Work on Hawaiian Homelands subdivision angers neighbors

WAIMANALO, OAHU (HawaiiNewsNow) - Some Waimanalo residents complain that construction of a Hawaiian Homelands project damaged their homes. Work on the Kakaina subdivision began in 2012. People who live on neighboring streets said their walls and concrete slabs were split by the heavy vibrations from construction equipment.

"I got a brand new crack right here. Brand new crack right here," Gideon Kaonohi said, pointing to openings in his driveway wall.

The back of his two-bedroom home overlooks the job site. With chalk he outlines the cracks on the walls rimming his property and draws an "X" on cracks in the concrete slab under his home.

"When they used the roller, the 18-ton roller with the vibrator, you can see the cracks moving," he said. "One here. One here. And all these caps came loose from the vibration."

Kaonohi believes coral dust from the job site has sickened his family. He said dust screens have toppled onto his house three times..

"Four o'clock in the morning.
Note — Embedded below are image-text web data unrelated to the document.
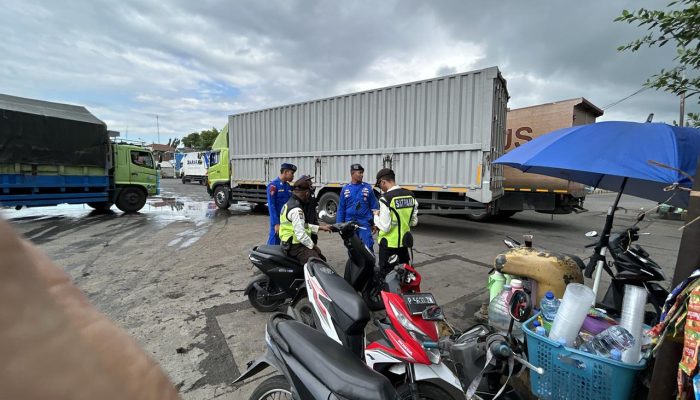 Lakukan Pengawasan Dikawasan Obyek Vital Ini Himbuan Personel Satpolairud Polresta Banyuwangi 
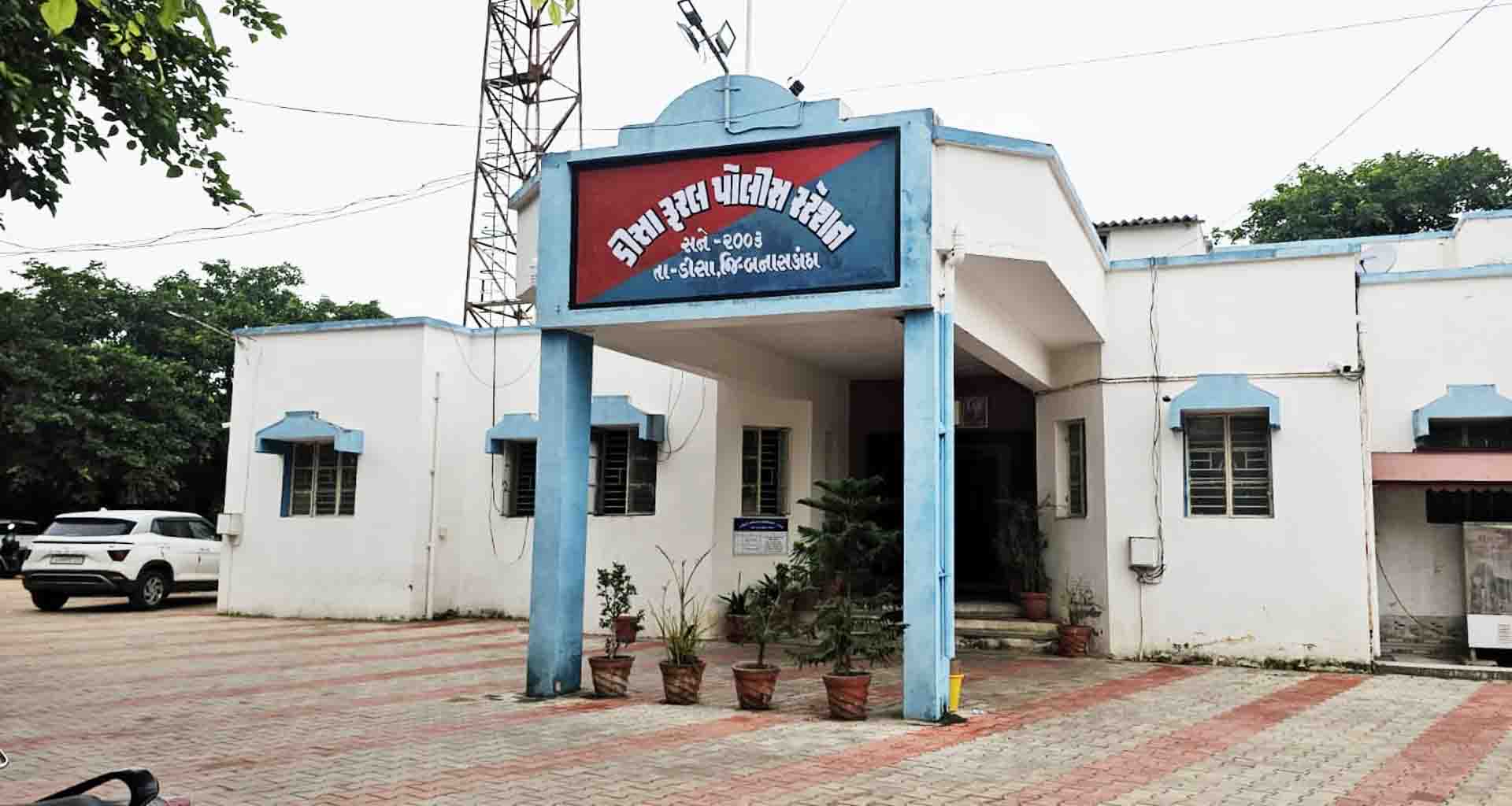 ડીસાના જોરાપુરા ગામેથી વિદેશી દારૂ ઝડપાયો: એક આરોપી ફરાર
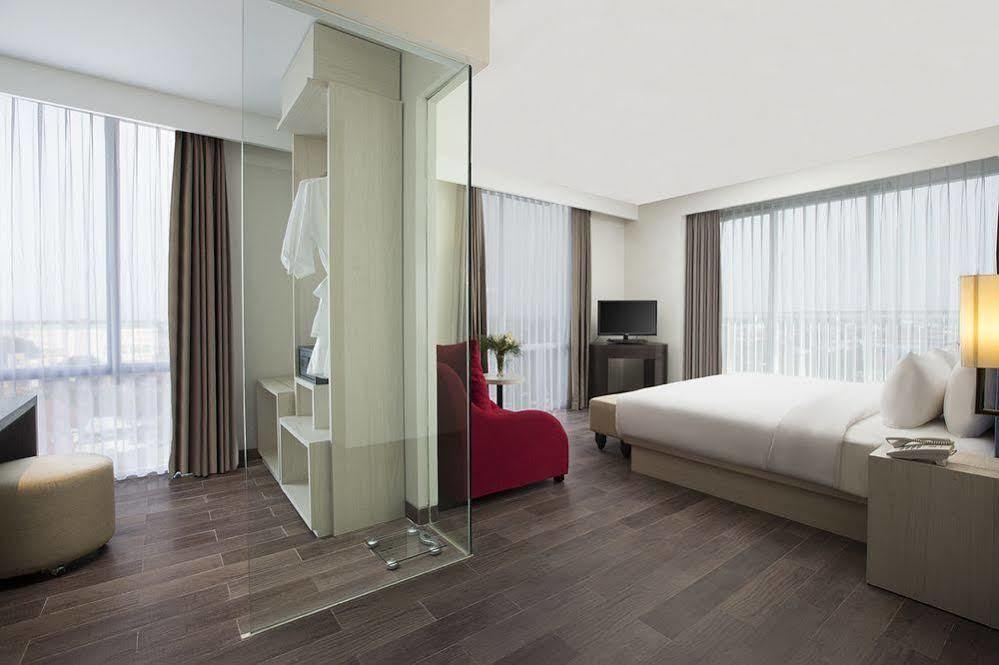 Hotel Santika Pekalongan Exteriör bild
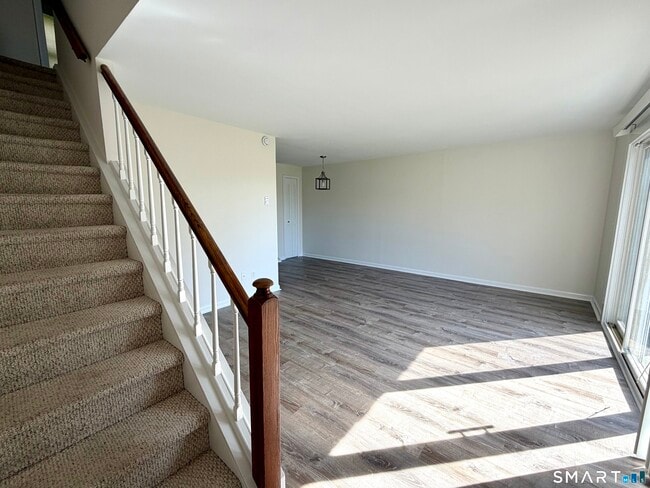 Building Photo - 47 Old Farms Ln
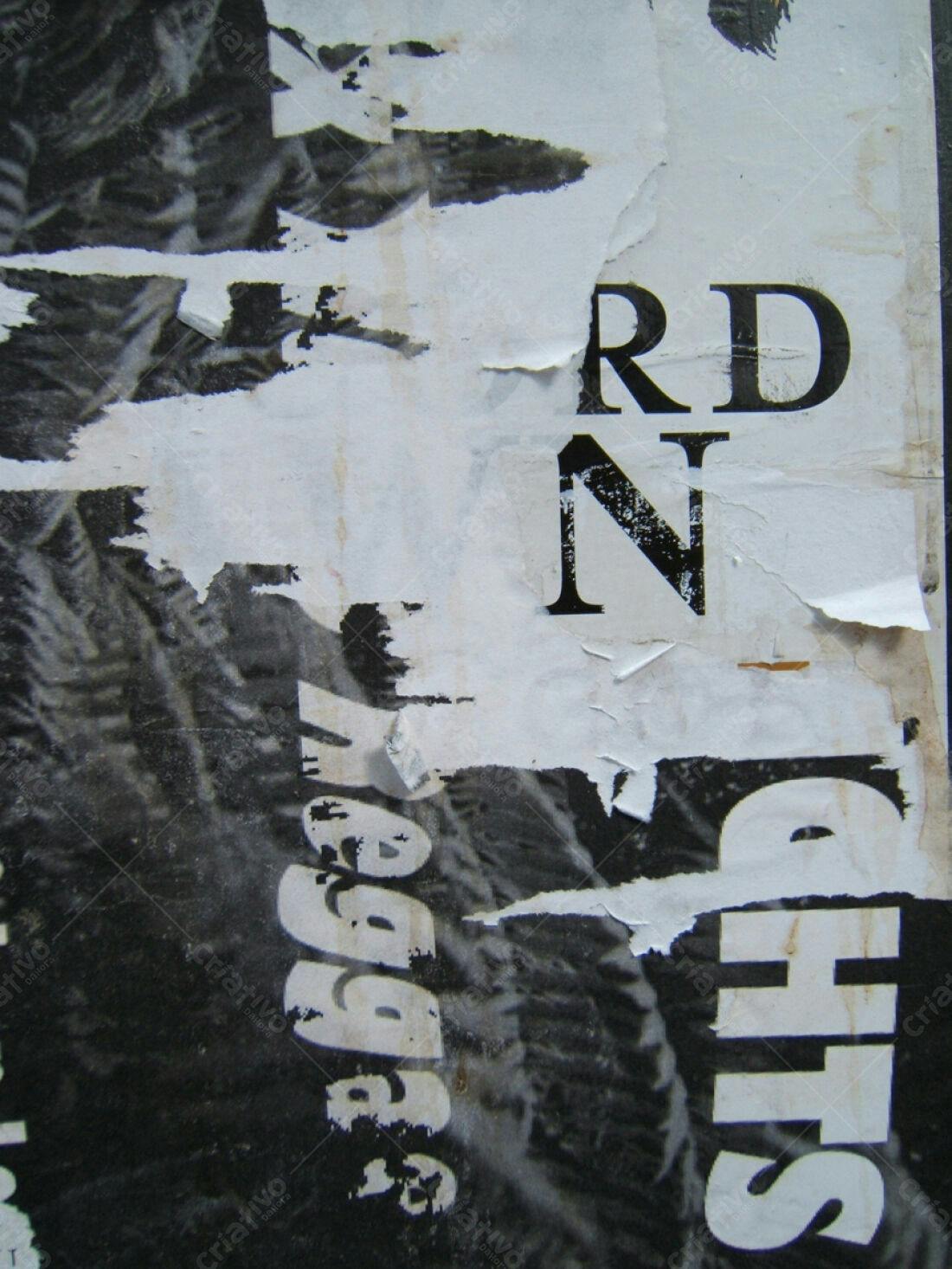 Poster rasgado com letras em preto e branco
You could hear this boom hitting my house," he said.

Kaonohi documented his grievances in letters to the Department of Hawaiian Homelands. So has his neighbor.

"Her ceiling is separating," Kaonohi said. "Her cabinets are sagging. And the cabinets are separating too from each other."

DHHL communications director Punialoha Chee said resident's complaints are taken seriously.

"We have been encouraging them to work with our contractor's claims adjustors should they believe their homes have been impacted. Once they do, we can begin the process of assessing damages and making appropriate repairs," he said.

Kaonohi hired an attorney.

"You see my second story. It's about 14 years old. Rain or shine, the doors never did scrape the floor. Now it's scraping the floor," he said.

Chee said completion of the seven-acre subdivision has been delayed by design changes and weather. DHHL hopes work will be completed by the summer.

Kaonohi expects the contractor to pay for the damage he said is getting worse by the day.